Fasting comes as third in a series of five pillars that encompass the Muslim faith. The others include praying five times a day towards the city of Mecca, performing Hajj–the pilgrimage to the city once in a lifetime for those who can afford it–and giving alms to the needy. During the 29- to 30-day long month, the number depending on the visibility of the crescent moon to start or end the month, observers of the fast are required to refrain from eating, drinking and having sexual pleasures. It also obliges the faithful to be more caring, helpful and fulfilling toward the needs of other fellow believers of the faith.

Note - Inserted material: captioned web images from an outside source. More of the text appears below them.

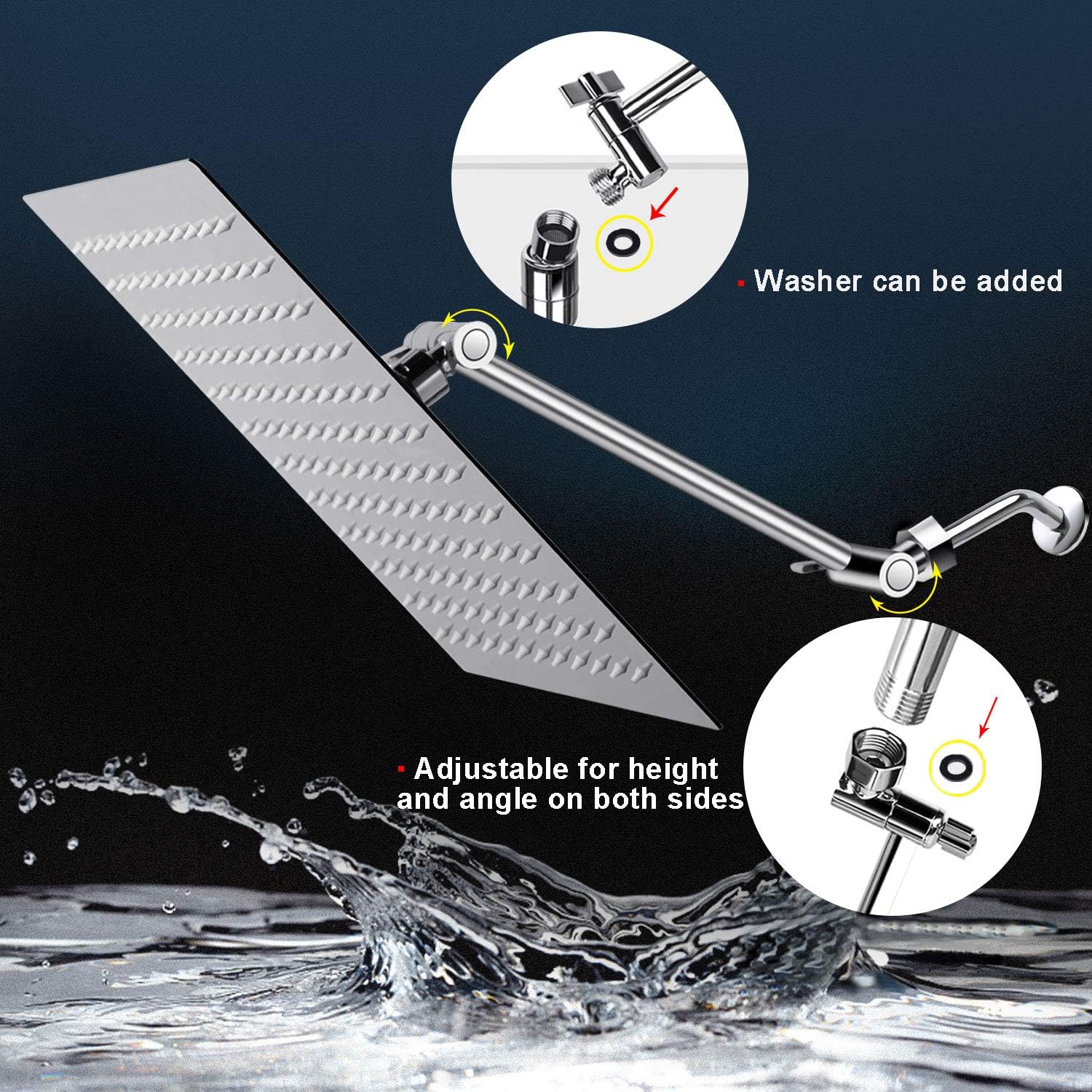 12 Inch High Pressure Showerhead with 11 Inch Arm for a Luxurious Shower Experience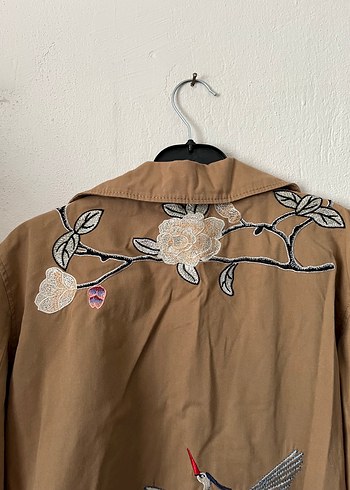 Nakışlı Bohem Gabardin Kadın Ceket - Görsel 9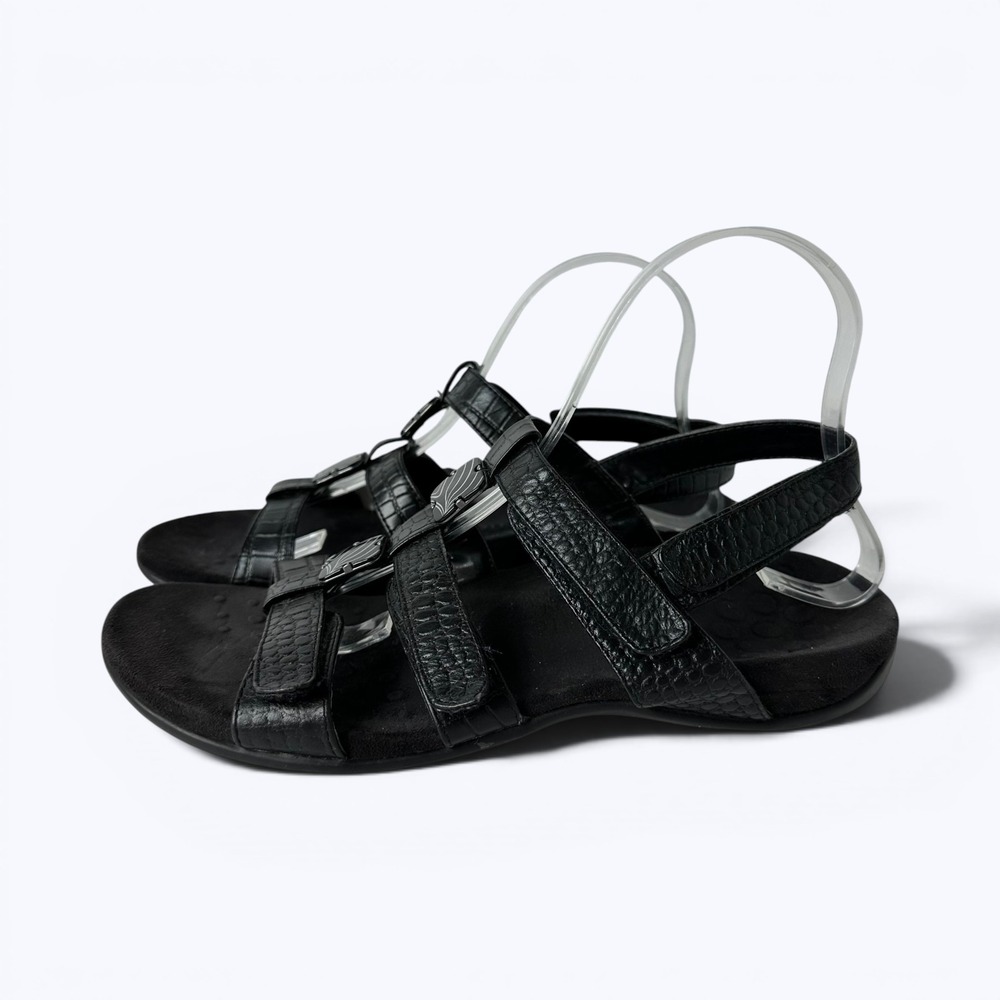 Vionic Amber‎ Sandals Black Croc Embossed Adjustable Strappy Comfort Womens 9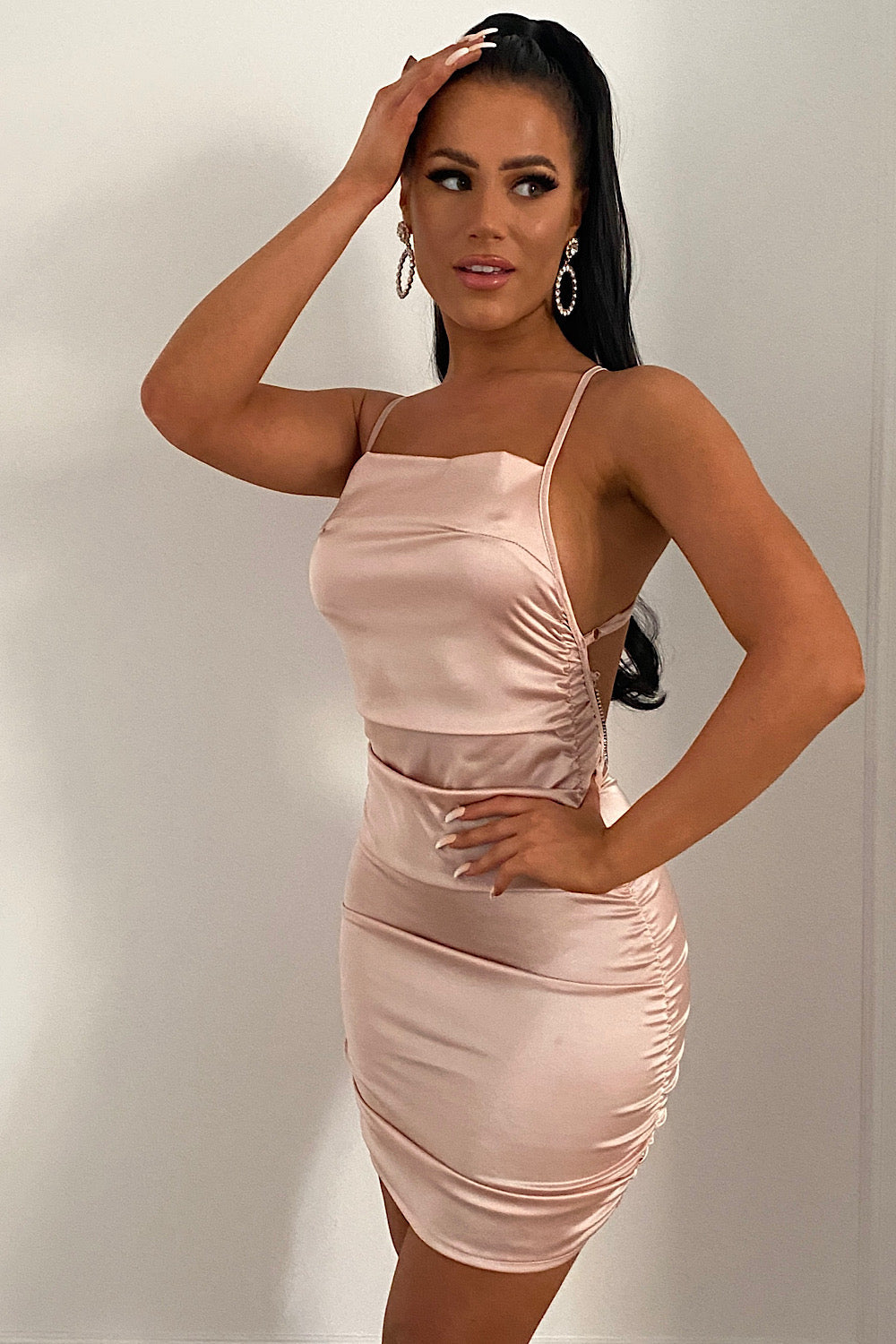 Gigi Champagne Satin Mini Dress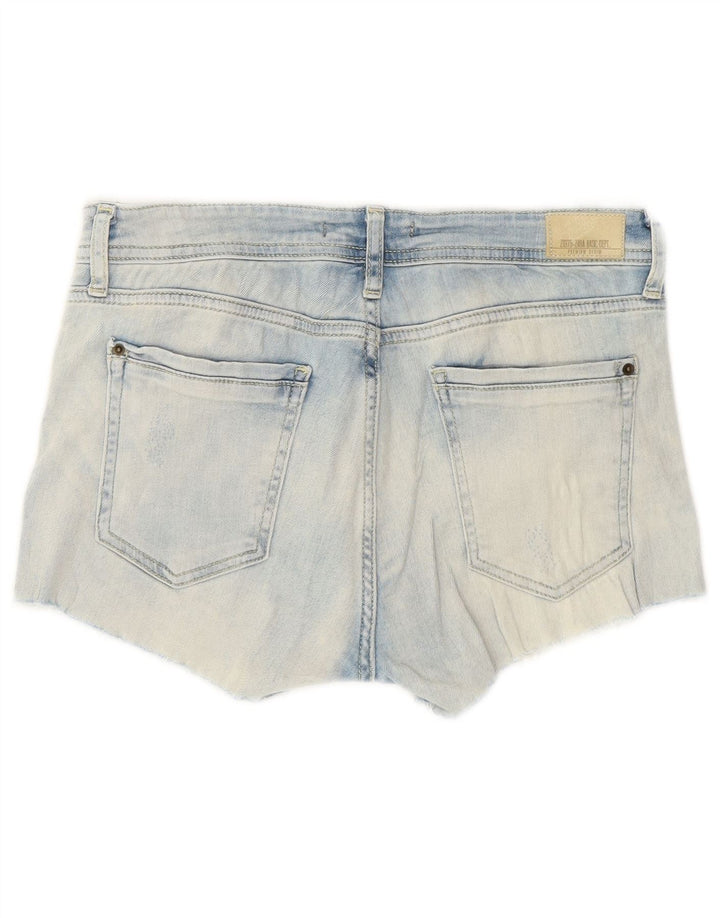 Pantaloncini di jeans invecchiati Zara da donna EU 38 piccoli W28 blu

Despite the fact that I’ve always viewed myself as someone born into the religion more by chance than by choice and that I’ve always had this feeling that certain beliefs were thrust upon me than I would have liked, there are certain things I like about the festive month.
Back in Pakistan, where I have lived most of my life, the month would bring along a whole culture of its own. It would revive certain norms and customs that were otherwise forsaken.
For instance, the month would engender a sense of empathy among well-to-do people for their needy neighbors and underprivileged people. Alms or Zakat, enshrined as one of the five pillars of the religion that obliges the-haves to give a certain portion of their yearly earnings and overall value of possessions in form of charity to the poor, would be distributed among people in need. The amount would not help much, but it would enable the recipients to buy basic commodities of life and the like.